When the rescue workers arrived, they found members of the construction crew gathered around the stricken victim, with one crewmember, Anderson, administering resuscitation. Frank Smedra was apparently the first volunteer to reach the victim. Smedra asked Anderson to discontinue resuscitation efforts so that he (Smedra) could check the stricken victim's vital signs. After Smedra and at least one other volunteer had examined the victim, the volunteers concluded that death had occurred, and did not resume resuscitation efforts. A deputy sheriff was then called to the scene to pronounce the victim dead, after which decedent was transported to a mortuary.

The record includes evidence that the volunteers acted improperly by failing to continue or resume resuscitation efforts upon the stricken victim. According to applicable standards promulgated by the American Heart Association and the American Medical Association, such efforts should have been resumed immediately after Smedra had checked the vital signs, and the decedent should have been transported to a hospital, with resuscitation efforts continued during transportation.

The deposition of Stephen W. Carveth, M.D., a cardiovascular and thoracic surgeon, provides evidence that a stricken person's chance of survival is "up to ... 50 percent" if cardiopulmonary resuscitation is administered within 3 minutes. However, the deposition of Dale L. Kemmerer, M.D., provides evidence that decedent's chance of survival may have been considerably less than 50 percent even if such efforts had been continued in this case.

Eight of the responding volunteers, including Smedra and Wayne D. Brown, the two deposed by plaintiff, had received their initial emergency medical technician training, consisting of approximately 82 hours of instruction, 12 to 14 years prior to the subject incident. Both Brown and Smedra have had some limited additional followup training.

When deposed, Smedra was asked if he recalled the procedure for terminating resuscitation efforts after they had been initiated. He replied, "It would be--one-man would be until somebody qualified who would come up and take over or if somebody would take over for you or a physician to take over for you, or if you would just be exhausted to the point that you couldn't." The record does not indicate whether Smedra was aware of or remembered the proper guidelines for terminating resuscitation efforts at the time he went to decedent's aid.

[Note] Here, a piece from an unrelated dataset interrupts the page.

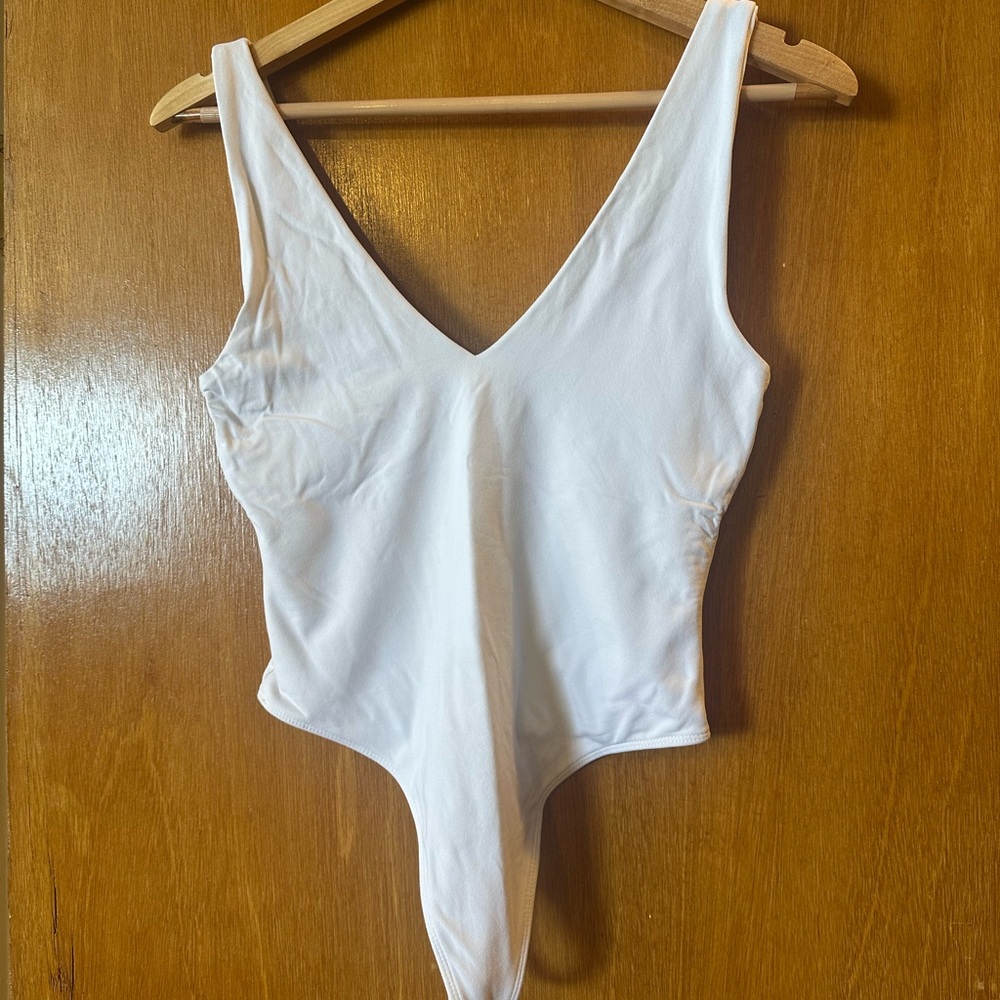 Aritzia Babaton White Contour V-Neck Tank Bodysuit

In giving his deposition, Brown indicated that Ord 99 had no procedure for discontinuing resuscitation efforts after they had been initiated. Brown did not recall what had been taught in his emergency medical technician training course with respect to the proper termination of such efforts.

In view of the errors assigned and the resolution we reach, we assume, as the trial court apparently did, but do not decide, that plaintiff has pled a theory on which she might, under appropriate circumstances, recover under our law.